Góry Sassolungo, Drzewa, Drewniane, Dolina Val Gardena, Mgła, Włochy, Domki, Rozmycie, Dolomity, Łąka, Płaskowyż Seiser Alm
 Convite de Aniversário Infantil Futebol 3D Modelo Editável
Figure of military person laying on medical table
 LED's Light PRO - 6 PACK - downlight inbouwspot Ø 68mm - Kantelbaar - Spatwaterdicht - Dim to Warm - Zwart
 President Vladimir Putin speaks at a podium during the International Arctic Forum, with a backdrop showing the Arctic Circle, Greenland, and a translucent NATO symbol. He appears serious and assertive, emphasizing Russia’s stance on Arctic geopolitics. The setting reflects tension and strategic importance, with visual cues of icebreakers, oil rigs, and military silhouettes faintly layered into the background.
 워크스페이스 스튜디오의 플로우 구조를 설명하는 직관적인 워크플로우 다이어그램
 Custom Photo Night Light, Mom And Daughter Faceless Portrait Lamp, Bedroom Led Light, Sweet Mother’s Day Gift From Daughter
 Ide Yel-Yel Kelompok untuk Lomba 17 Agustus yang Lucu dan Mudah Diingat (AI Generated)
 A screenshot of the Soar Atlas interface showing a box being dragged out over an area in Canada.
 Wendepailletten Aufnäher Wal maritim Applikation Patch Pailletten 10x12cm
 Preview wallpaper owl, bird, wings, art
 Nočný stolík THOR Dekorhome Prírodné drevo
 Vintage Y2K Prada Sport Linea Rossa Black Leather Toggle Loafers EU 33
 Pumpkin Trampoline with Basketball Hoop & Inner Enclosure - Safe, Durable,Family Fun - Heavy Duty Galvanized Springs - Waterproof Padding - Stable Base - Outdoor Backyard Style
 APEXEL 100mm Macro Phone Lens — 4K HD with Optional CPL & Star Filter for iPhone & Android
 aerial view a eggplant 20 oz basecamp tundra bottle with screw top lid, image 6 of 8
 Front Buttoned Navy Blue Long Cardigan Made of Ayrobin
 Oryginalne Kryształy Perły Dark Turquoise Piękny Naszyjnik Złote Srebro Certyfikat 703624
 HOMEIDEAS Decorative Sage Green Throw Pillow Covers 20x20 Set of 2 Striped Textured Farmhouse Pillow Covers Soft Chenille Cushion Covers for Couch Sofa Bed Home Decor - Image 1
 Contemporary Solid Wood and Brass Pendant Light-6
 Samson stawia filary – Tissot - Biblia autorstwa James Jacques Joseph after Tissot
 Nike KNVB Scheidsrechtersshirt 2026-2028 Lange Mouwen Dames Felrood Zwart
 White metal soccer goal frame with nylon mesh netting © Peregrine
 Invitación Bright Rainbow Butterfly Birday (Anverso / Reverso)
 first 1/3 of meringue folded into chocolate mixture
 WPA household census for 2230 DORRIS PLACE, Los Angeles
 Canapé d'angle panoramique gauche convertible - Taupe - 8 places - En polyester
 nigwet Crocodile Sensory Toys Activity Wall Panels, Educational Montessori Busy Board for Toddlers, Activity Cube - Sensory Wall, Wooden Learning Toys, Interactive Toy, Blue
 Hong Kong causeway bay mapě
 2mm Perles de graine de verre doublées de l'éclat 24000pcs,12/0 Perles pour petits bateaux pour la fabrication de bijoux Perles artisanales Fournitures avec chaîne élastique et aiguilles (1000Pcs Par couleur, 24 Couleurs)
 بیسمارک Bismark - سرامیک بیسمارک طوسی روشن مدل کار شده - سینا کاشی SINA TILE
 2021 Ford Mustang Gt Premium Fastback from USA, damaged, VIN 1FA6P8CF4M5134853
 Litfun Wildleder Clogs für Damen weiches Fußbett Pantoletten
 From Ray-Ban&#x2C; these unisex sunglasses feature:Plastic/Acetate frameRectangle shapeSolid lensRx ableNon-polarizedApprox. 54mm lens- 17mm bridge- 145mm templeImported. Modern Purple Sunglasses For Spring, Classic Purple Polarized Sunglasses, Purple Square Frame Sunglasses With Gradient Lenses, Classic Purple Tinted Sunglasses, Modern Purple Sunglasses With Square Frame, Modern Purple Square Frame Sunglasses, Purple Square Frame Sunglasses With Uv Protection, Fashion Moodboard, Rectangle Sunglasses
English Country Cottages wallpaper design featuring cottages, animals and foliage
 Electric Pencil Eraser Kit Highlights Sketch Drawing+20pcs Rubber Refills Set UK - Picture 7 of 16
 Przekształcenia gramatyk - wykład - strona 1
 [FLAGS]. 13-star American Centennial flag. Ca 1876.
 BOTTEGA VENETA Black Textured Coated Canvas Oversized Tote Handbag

----

Task goal -
Return all of the material verbatim, with no line left out.

Response area -
Góry Sassolungo, Drzewa, Drewniane, Dolina Val Gardena, Mgła, Włochy, Domki, Rozmycie, Dolomity, Łąka, Płaskowyż Seiser Alm
 Convite de Aniversário Infantil Futebol 3D Modelo Editável
Figure of military person laying on medical table
 LED's Light PRO - 6 PACK - downlight inbouwspot Ø 68mm - Kantelbaar - Spatwaterdicht - Dim to Warm - Zwart
 President Vladimir Putin speaks at a podium during the International Arctic Forum, with a backdrop showing the Arctic Circle, Greenland, and a translucent NATO symbol. He appears serious and assertive, emphasizing Russia’s stance on Arctic geopolitics. The setting reflects tension and strategic importance, with visual cues of icebreakers, oil rigs, and military silhouettes faintly layered into the background.
 워크스페이스 스튜디오의 플로우 구조를 설명하는 직관적인 워크플로우 다이어그램
 Custom Photo Night Light, Mom And Daughter Faceless Portrait Lamp, Bedroom Led Light, Sweet Mother’s Day Gift From Daughter
 Ide Yel-Yel Kelompok untuk Lomba 17 Agustus yang Lucu dan Mudah Diingat (AI Generated)
 A screenshot of the Soar Atlas interface showing a box being dragged out over an area in Canada.
 Wendepailletten Aufnäher Wal maritim Applikation Patch Pailletten 10x12cm
 Preview wallpaper owl, bird, wings, art
 Nočný stolík THOR Dekorhome Prírodné drevo
 Vintage Y2K Prada Sport Linea Rossa Black Leather Toggle Loafers EU 33
 Pumpkin Trampoline with Basketball Hoop & Inner Enclosure - Safe, Durable,Family Fun - Heavy Duty Galvanized Springs - Waterproof Padding - Stable Base - Outdoor Backyard Style
 APEXEL 100mm Macro Phone Lens — 4K HD with Optional CPL & Star Filter for iPhone & Android
 aerial view a eggplant 20 oz basecamp tundra bottle with screw top lid, image 6 of 8
 Front Buttoned Navy Blue Long Cardigan Made of Ayrobin
 Oryginalne Kryształy Perły Dark Turquoise Piękny Naszyjnik Złote Srebro Certyfikat 703624
 HOMEIDEAS Decorative Sage Green Throw Pillow Covers 20x20 Set of 2 Striped Textured Farmhouse Pillow Covers Soft Chenille Cushion Covers for Couch Sofa Bed Home Decor - Image 1
 Contemporary Solid Wood and Brass Pendant Light-6
 Samson stawia filary – Tissot - Biblia autorstwa James Jacques Joseph after Tissot
 Nike KNVB Scheidsrechtersshirt 2026-2028 Lange Mouwen Dames Felrood Zwart
 White metal soccer goal frame with nylon mesh netting © Peregrine
 Invitación Bright Rainbow Butterfly Birday (Anverso / Reverso)
 first 1/3 of meringue folded into chocolate mixture
 WPA household census for 2230 DORRIS PLACE, Los Angeles
 Canapé d'angle panoramique gauche convertible - Taupe - 8 places - En polyester
 nigwet Crocodile Sensory Toys Activity Wall Panels, Educational Montessori Busy Board for Toddlers, Activity Cube - Sensory Wall, Wooden Learning Toys, Interactive Toy, Blue
 Hong Kong causeway bay mapě
 2mm Perles de graine de verre doublées de l'éclat 24000pcs,12/0 Perles pour petits bateaux pour la fabrication de bijoux Perles artisanales Fournitures avec chaîne élastique et aiguilles (1000Pcs Par couleur, 24 Couleurs)
 بیسمارک Bismark - سرامیک بیسمارک طوسی روشن مدل کار شده - سینا کاشی SINA TILE
 2021 Ford Mustang Gt Premium Fastback from USA, damaged, VIN 1FA6P8CF4M5134853
 Litfun Wildleder Clogs für Damen weiches Fußbett Pantoletten
 From Ray-Ban&#x2C; these unisex sunglasses feature:Plastic/Acetate frameRectangle shapeSolid lensRx ableNon-polarizedApprox. 54mm lens- 17mm bridge- 145mm templeImported. Modern Purple Sunglasses For Spring, Classic Purple Polarized Sunglasses, Purple Square Frame Sunglasses With Gradient Lenses, Classic Purple Tinted Sunglasses, Modern Purple Sunglasses With Square Frame, Modern Purple Square Frame Sunglasses, Purple Square Frame Sunglasses With Uv Protection, Fashion Moodboard, Rectangle Sunglasses
English Country Cottages wallpaper design featuring cottages, animals and foliage
 Electric Pencil Eraser Kit Highlights Sketch Drawing+20pcs Rubber Refills Set UK - Picture 7 of 16
 Przekształcenia gramatyk - wykład - strona 1
 [FLAGS]. 13-star American Centennial flag. Ca 1876.
 BOTTEGA VENETA Black Textured Coated Canvas Oversized Tote Handbag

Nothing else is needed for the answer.